Les secteurs où l’impact sera le plus important sont ceux de l’hôtellerie et la restauration, l’information et la communication, le commerce et l’agriculture, l’élevage et la pêche. À l’inverse, certains domaines ne seront pas impactés, car leurs conventions collectives prévoient déjà des horaires inférieurs à la nouvelle limite légale, comme l’éducation, l’administration publique, les banques et assurances et la distribution d’eau et gestion des déchets .
La réforme concernera aussi les emplois à temps partiel. Les contrats d’une durée hebdomadaire moyenne de 37,5 heures ou plus « seront automatiquement convertis en contrats à temps plein » à compter de l’application de la nouvelle durée légale du travail, tandis que ceux qui travaillent moins conserveront leurs horaires, mais verront leur salaire ajusté proportionnellement.
Sanctions et règles d’encadrement
Avec cette loi viennent des sanctions plus dures qu’auparavant. En effet, dès son entrée en vigueur, l’inspection du travail infligera une amende pouvant aller jusqu’à 10 000 euros par personne aux entreprises qui ne respectent pas l’enregistrement des heures et la mise en place des 37,5 heures.
D’autres mesures visent à garantir le respect des règles et le bien-être des salariés. Le texte établit que l’employeur tiendra un registre numérique quotidien de la journée de travail afin de garantir le respect de la règle et d’éviter toute falsification. Il y aura également un registre des heures supplémentaires, jour par jour, pour le paiement de la rémunération. Ce sont les travailleurs qui effectueront personnellement et directement les inscriptions, de sorte que l’entreprise ne pourra pas conditionner leur contenu.
Photo : mairie de Barcelone
La nouvelle législation renforce par ailleurs le droit à la déconnexion numérique des travailleurs en dehors de leur journée de travail, en faisant un droit « inaliénable » du salarié, pour lequel il ne peut y avoir de conséquences négatives ou de représailles s’il ne répond pas aux communications de l’employeur en dehors de ses heures de travail.
Une approbation laborieuse
La ministre du Travail Yolanda Díaz, figure de l’aile gauche du gouvernement et patronne du parti radical Sumar veut que cette réduction soit appliquée avant le 31 décembre 2025, avec dans le viseur les probables législatives anticipées de 2026.
Mais le texte devrait connaitre une naissance difficile au Parlement espagnol. La coalition socialiste-gauche radicale ne dispose pas, pour l’instant, des soutiens nécessaires à l’adoption de sa réforme. L’initiative rallie pourtant la gauche catalane et les régionalistes basques, mais tout repose désormais sur les sept députés indépendantistes de Junts, le parti de Carles Puigdemont, arbitres d’un équilibre précaire.

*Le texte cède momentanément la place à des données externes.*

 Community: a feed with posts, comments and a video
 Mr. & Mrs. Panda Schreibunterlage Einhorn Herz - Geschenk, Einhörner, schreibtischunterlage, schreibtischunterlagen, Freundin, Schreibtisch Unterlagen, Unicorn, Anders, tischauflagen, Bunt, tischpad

D’un côté, Puigdemont hésite à s’opposer frontalement à une réforme largement plébiscitée. De l’autre, Junts, encore marqué par l’échec de la tentative de sécession de 2017, cherche à retisser des liens avec les milieux économiques, notamment les PME, bastions traditionnels de ce parti de centre-droit. La porte de sortie pourrait passer par une série d’amendements destinés à adoucir le texte, avec en ligne de mire des mesures de soutien financier pour les petites entreprises. Un compromis qui pourrait bien dessiner l’issue de ce bras de fer parlementaire.
Cette réforme marque un tournant historique en Espagne : c’est la première modification majeure du droit du travail depuis 1983. Yolanda Díaz a d’ailleurs rappelé à l’issue du vote que « ce qui est important, c’est notre vie, et non le temps que nous consacrons à une activité professionnelle. Il s’agit de vivre mieux, de travailler moins et d’être beaucoup plus productif et économiquement efficace ».